By Júlia Arenós Karsten and Marieke van der Heijden
For this podcast, we interviewed Musa Obed. He was born in Nigeria and moved at a young age to Spain. Musa talked about his experience with racism within Spanish society. He also shared his views on what we should do to decolonize our minds. We hope you enjoy our conversation!
Picture of Musa Obed
But in Spain what you see is that the African person, not even African, the non-Spanish person had not the privilige to assimilate the both things that you are. You cannot be Nigerian-Spanish for example, that does not exist. You are either Spanish our Nigerian
There is this consciousness and tension that increases immediately just when you are walking next or behind a person. You know that there is a tension going on
Musa talked about the difference between being black/Nigerian in The United States and in Europe. This was really an interesting perspective.
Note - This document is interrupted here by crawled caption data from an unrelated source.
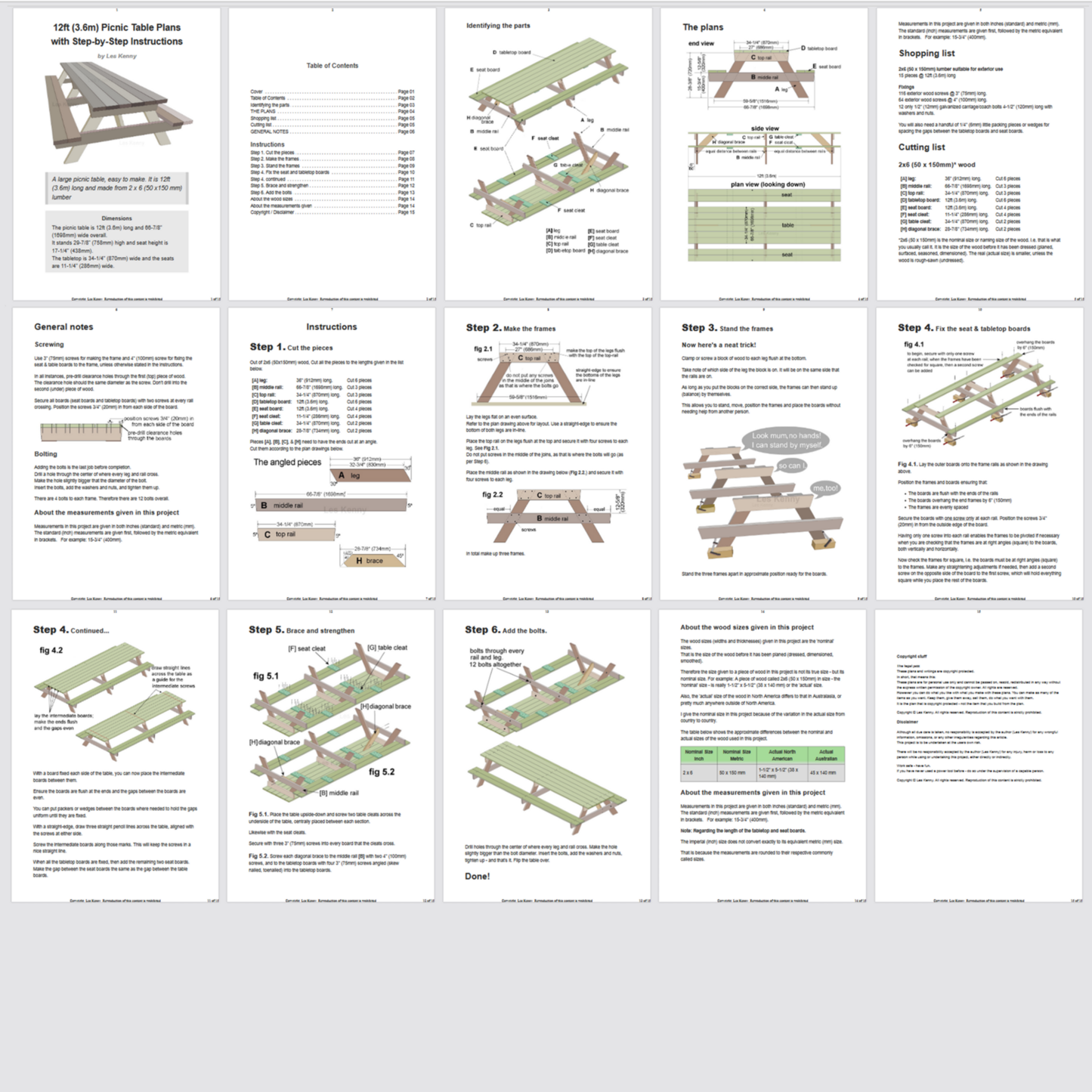 DIY plans to build a 12ft (3.6m) long traditional picnic table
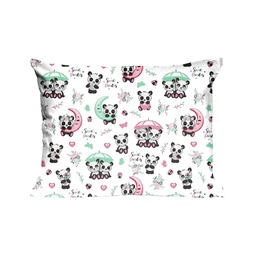Extrapościel Poszewka bawełniana 40x40 667K pandy biała kolorowa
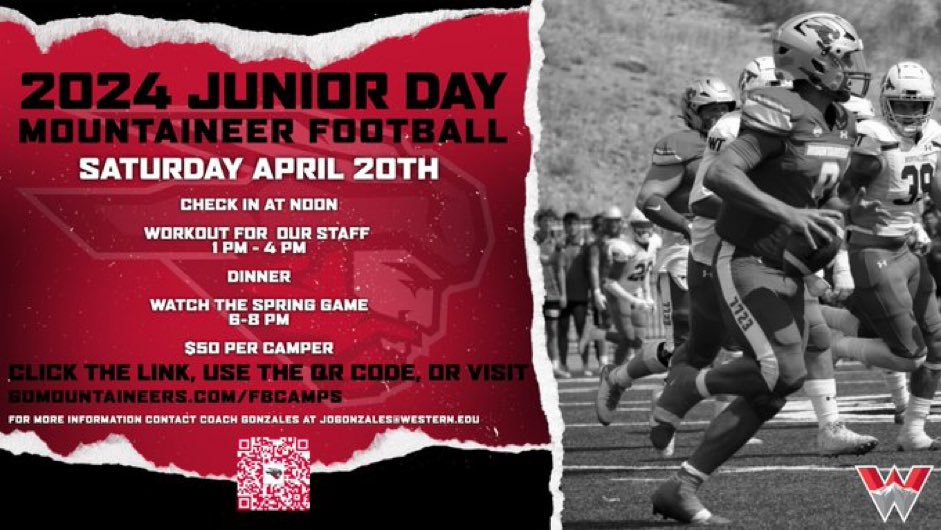 I will be attending @MountaineerFB Junior Day/Camp tomorrow. Excited to travel up to Gunnison and show what I’ve been working on!! @PrepRedzoneNM
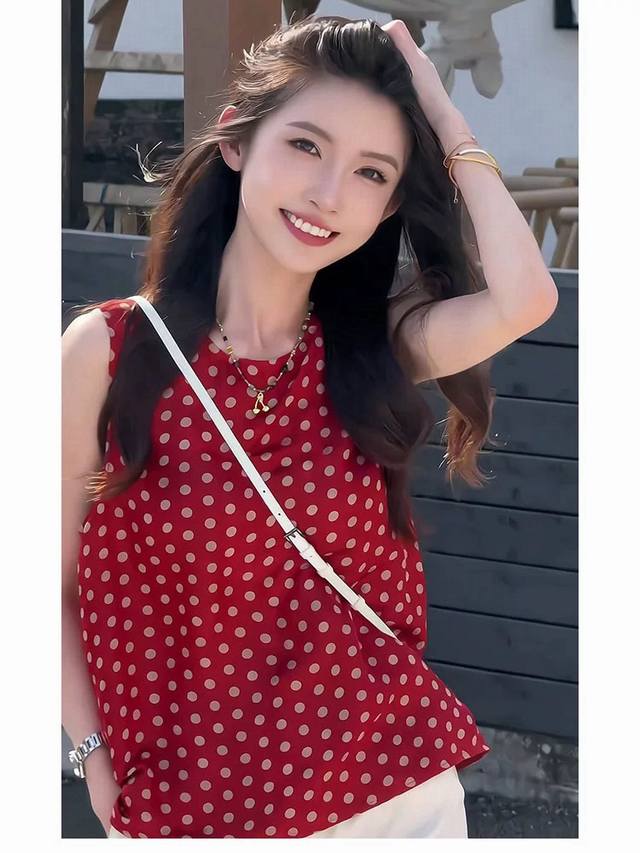 French retro red polka dot sleeveless shirt female autumn summer design niche l
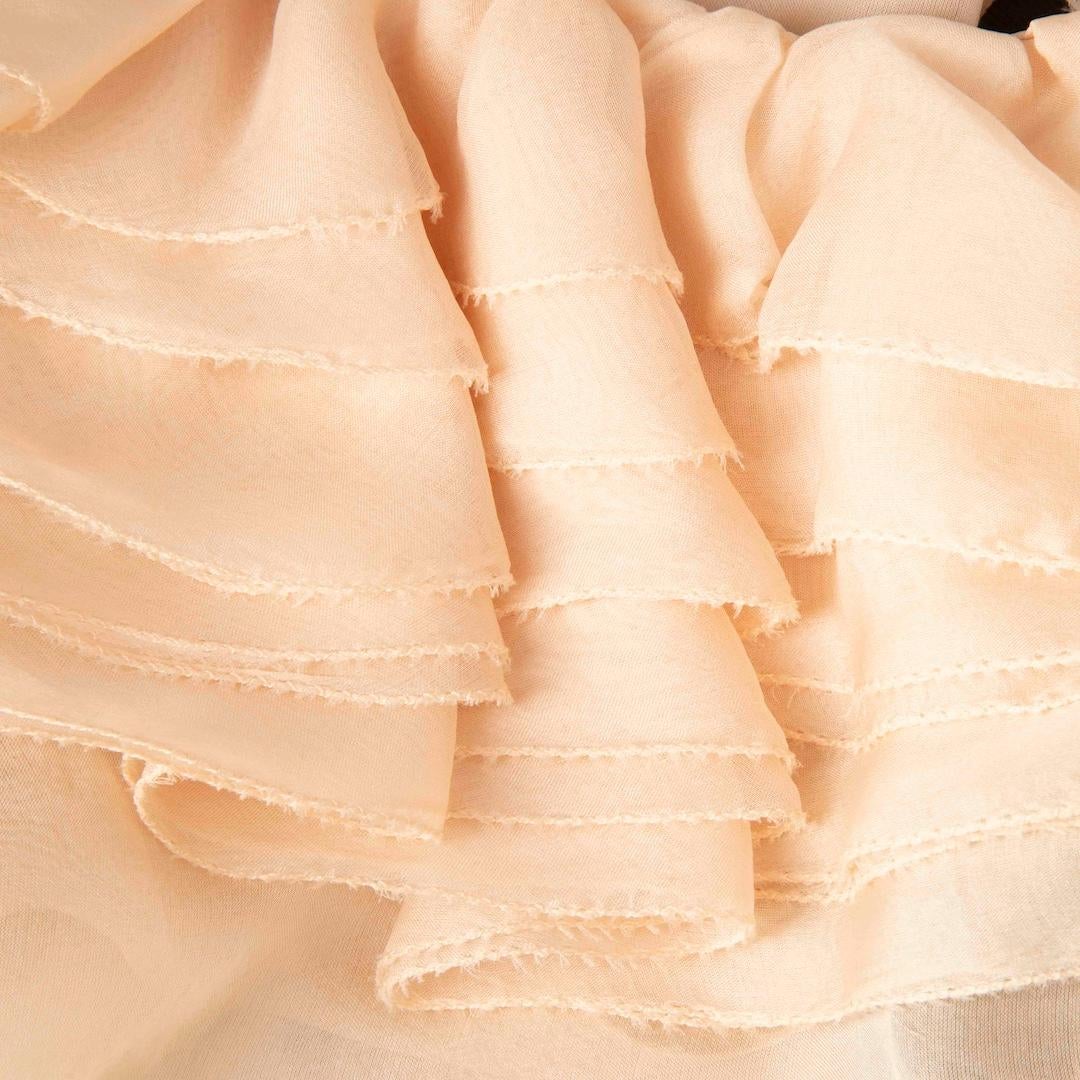 Dolce & Gabbana Pink Silk Ruffle Trim Blouse Size M In Good Condition In London, GB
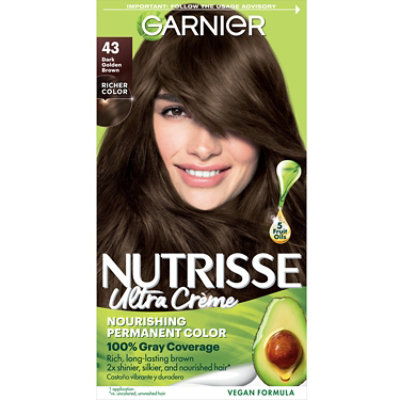 Garnier Nutrisse 43 Dark Golden Brown Cocoa Bean Nourishing Hair Color Creme Kit - Each - Image 1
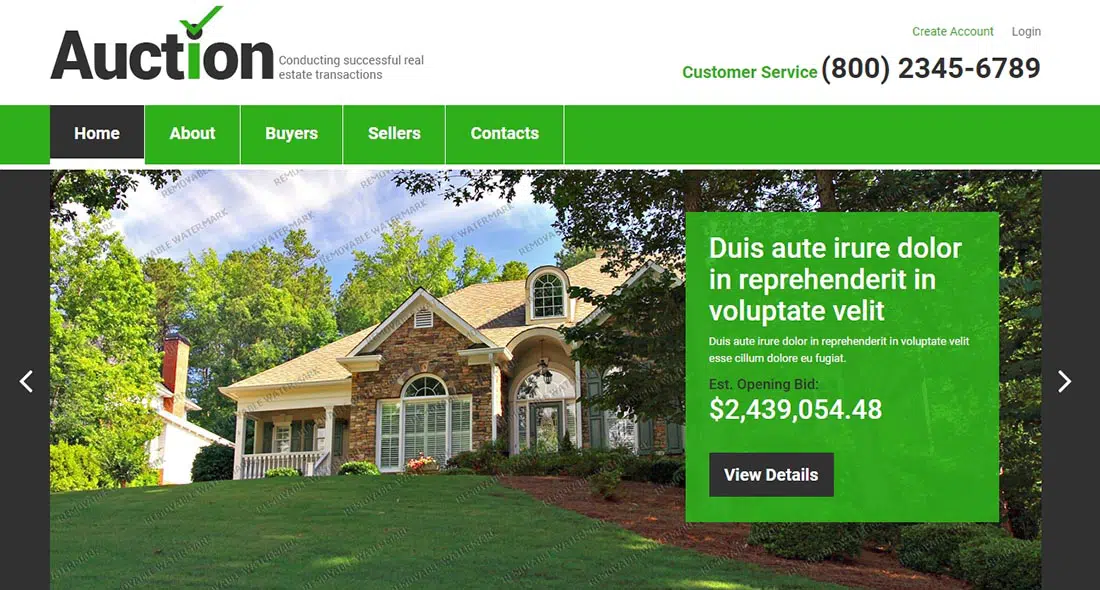 Live preview for Real Estate Agency Responsive Website Template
As Europeans, we felt like racism is more visible in the US. This is probably because we hear about police killing black men and the Black Lives Matter movement that originated in the US. However, the idea that people have to choose one of their identities - either Nigerian or Spanish - makes us wonder if European societies are just as racist as American societies, but only portraying it in different ways.
While we were talking to Musa, we realized the role we as white women play when walking in the streets. Having the experience of feeling like you are followed is not a nice one. But at the same time, why do we feel like we are followed? Maybe the person behind us simply needs to go in the same direction. Does this feeling have anything to do with the skin colour of the man behind us? We think that those thoughts are important to reflect on how decolonized our minds are.
Thanks to Musa Obed for agreeing to do this podcast with us and for his interesting insights.